米シンガー・ソングライターのアリアナ・グランデ(33)は27日、未発表曲45曲を含む大量のデジタルデータがハッキングされ、流出されたなどとして、被疑者不詳のまま2人の人物を提訴したことが分かった。米芸能誌「ピープル」が報じた。
グランデの弁護団が提出した訴状によると、被告らはグランデの共同制作者である写真家やプロデューサーのさまざまな個人用デジタルアカウントをハッキングし、「未公開コンテンツの違法かつ悪質な盗用し、拡散、悪用した」と主張している。
さらに、被告らはハッキングして得たファイルを「ダークウェブ上で多額の金銭と引き換えに違法に販売し、利益を得ていた」としている。
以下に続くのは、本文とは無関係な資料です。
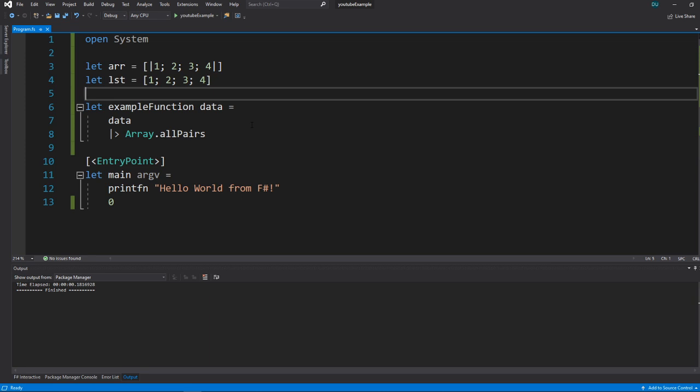And third, it's immutable by default, which doesn't sound like a good thing at first. But it has led to so much better code. And just lots of little things, like being able to pipe stuff. It's really, really nice and useful. And I think it teaches really good practices from the get-go, because it encourages you to do them.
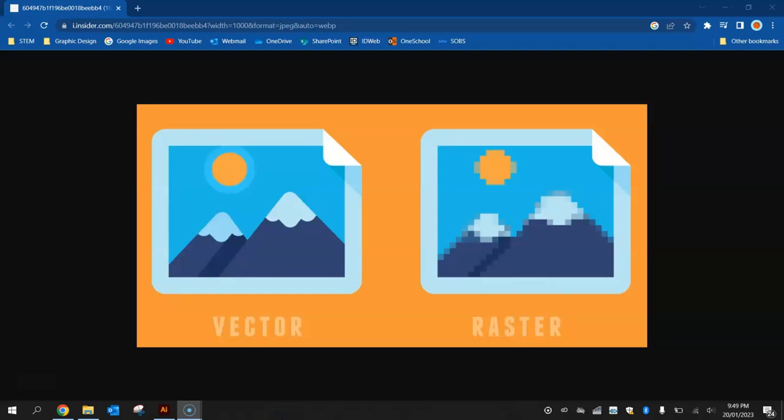Welcome along to your first video tutorial where you're going to be learning how to create vector artworks in Adobe Illustrator.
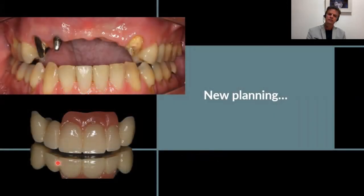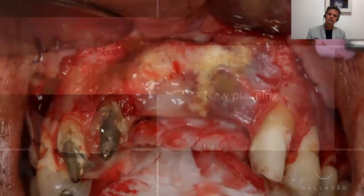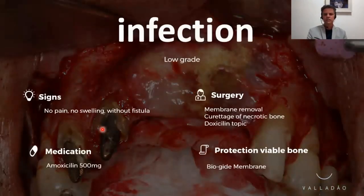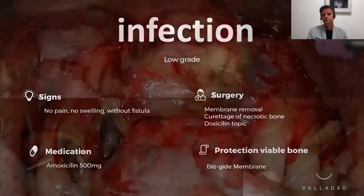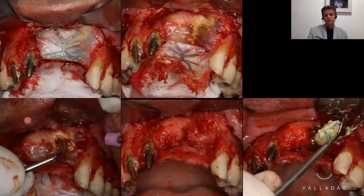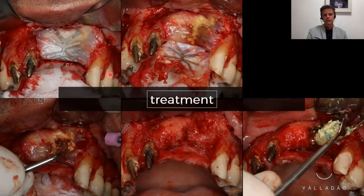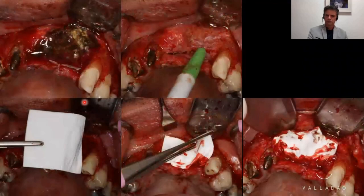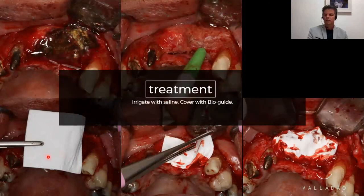We had to start all over again and do new planning: redo the fixed prosthesis with artificial gingiva, and likely perform a new GBR procedure. According to Urban's classification, what was happening was a low-grade infection. We prescribed amoxicillin 500 mg three times a day and performed surgery following the proposed protocol. The treatment involved removal of the membrane and the necrotic-looking graft — which had a grayish coloration with loose particles. The site was irrigated with saline solution, doxycycline paste was applied for three minutes, then washed off with saline again. The viable graft was then protected with a Bio-Gide membrane. We believe we could save approximately 60% of the graft.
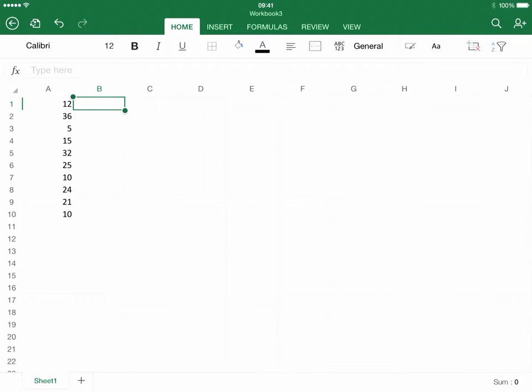In this video, we're going to talk about calculating the average using Excel via an iPad.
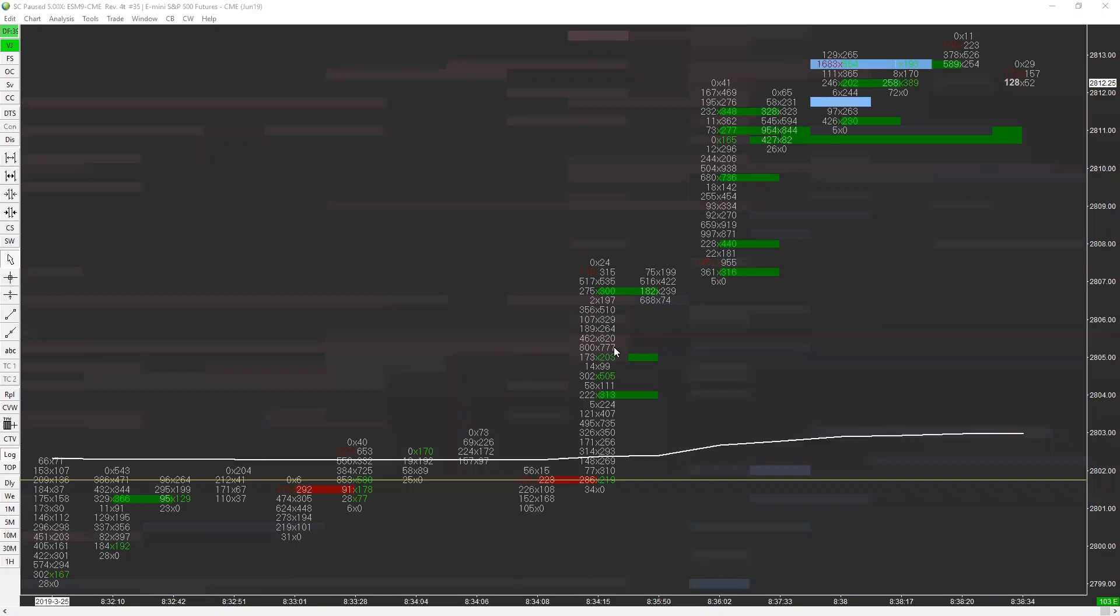All right, so after the open today we had a pretty substantial run-up. Tom just talked about they went to 13, then they came off.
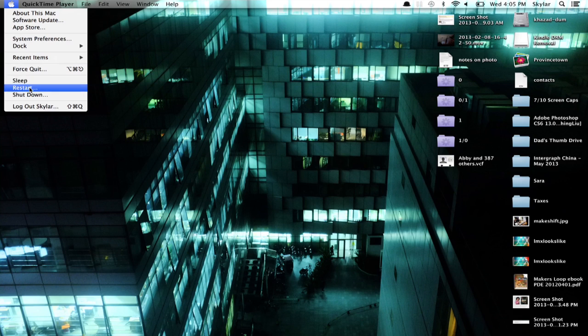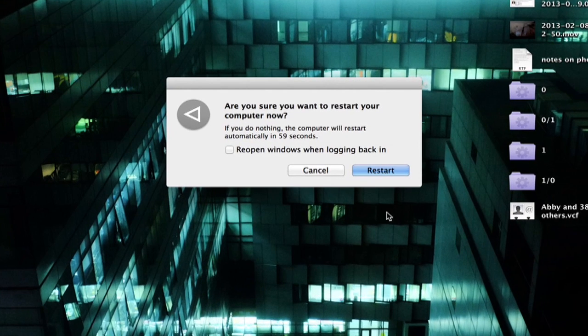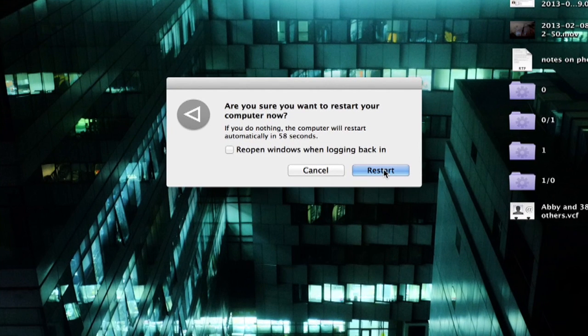Click the Apple and click Restart. Click Restart here. When you hear the chime, hold down the Shift key. It'll take a second to reboot.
訴状によれば、ハッキングされたとされるコンテンツには、グランデの未発表の楽曲や画像、さらには「制作過程で記録された一般公開を意図していない動画や音声データ」などが含まれている。さらに、「2023年だけでも未発表曲45曲が盗用、流出され、2011年のデビュー以来、このような流出事件が何百件も発生している」と訴えている。
特に2023年に流出した未発表曲「Fantasize」は音源がTikTokなどSNS上で瞬く間に拡散し、大きな話題となった。
グランデに近い関係者は同誌の取材に、「この訴訟はアリアナだけでなく、同様のプライバシー侵害や創作物の盗用に直面してきた多くのアーティストにとって、犯罪に対する抑止力となることを意図している」と指摘。「創作物の違法な盗用や拡散はその権利を侵害するものであり、容認されるべきではない」と強調した。